How to recognize asymmetry in motivated reasoning if/when you see it

This is the last of installment of my series on “probing/prodding” the Republican Brain Hypothesis (RBH).  RBH posits that conservative ideology is associated with dogmatic or unreflective reasoning styles that dispose conservative people to be dismissive of policy-relevant science on climate change and other issues. This is the basic thesis of Chris Mooney’s book The Republican Brain, which ably collects and synthesizes the social science data on which the claim rests.

As I’ve explained, I’m skeptical of RHB. Studies conducted by CCP link conflict over policy-relevant science to a form of motivated reasoning to which citizens of all cultural and ideological persuasions seem worrisomely vulnerable. The problem, I believe, isn’t that citizens with one or another set of values can’t or won’t use reason; it’s that the science communication environment –on which the well-being of all citizensdepends —has become contaminated by antagonistic cultural meanings.

In the first installment in this series, I stated why I thought the social science work that RHB rests on is not persuasive: vulnerability to culturally or ideologically motivated reasoning is not associated with any of the low-quality reasoning styles that various studies find to be correlated with conservatives. On the contrary, there is powerful evidence that higher-quality reasoning styles characterized by systematic or reflective thought can magnify the tendency to fit evidence to ideological or cultural predispositions when particular facts (the temperature of the earth; the effectiveness of gun control; the health effects of administering the HPV vaccine for school girls) become entangled in cultural or ideological rivalries.
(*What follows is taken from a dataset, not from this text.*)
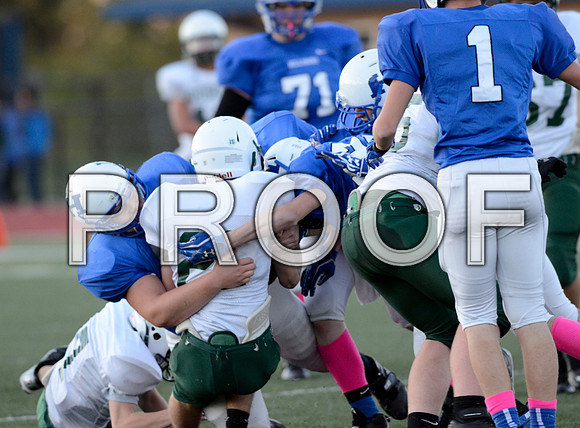 Desoto @ Hillsboro high school junior varsity football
In the second installment, I described an original study that adds support to this understanding. In that study, I found, first, that one reliable and valid measure of reflective and open-minded reasoning, the Cognitive Reflection Test (CRT), is not meaningfully correlated with ideology; second, that conservatives and liberals display ideologically motivated reasoning when considering evidence of whether CRT is a valid predictor of open-mindedness toward scientific evidence on climate change; and third, that this tendency to credit and dismiss evidence in an ideologically slanted way gets more intense as both liberals and conservatives become more disposed to uses reflective or systematic reasoning as measured by their CRT scores.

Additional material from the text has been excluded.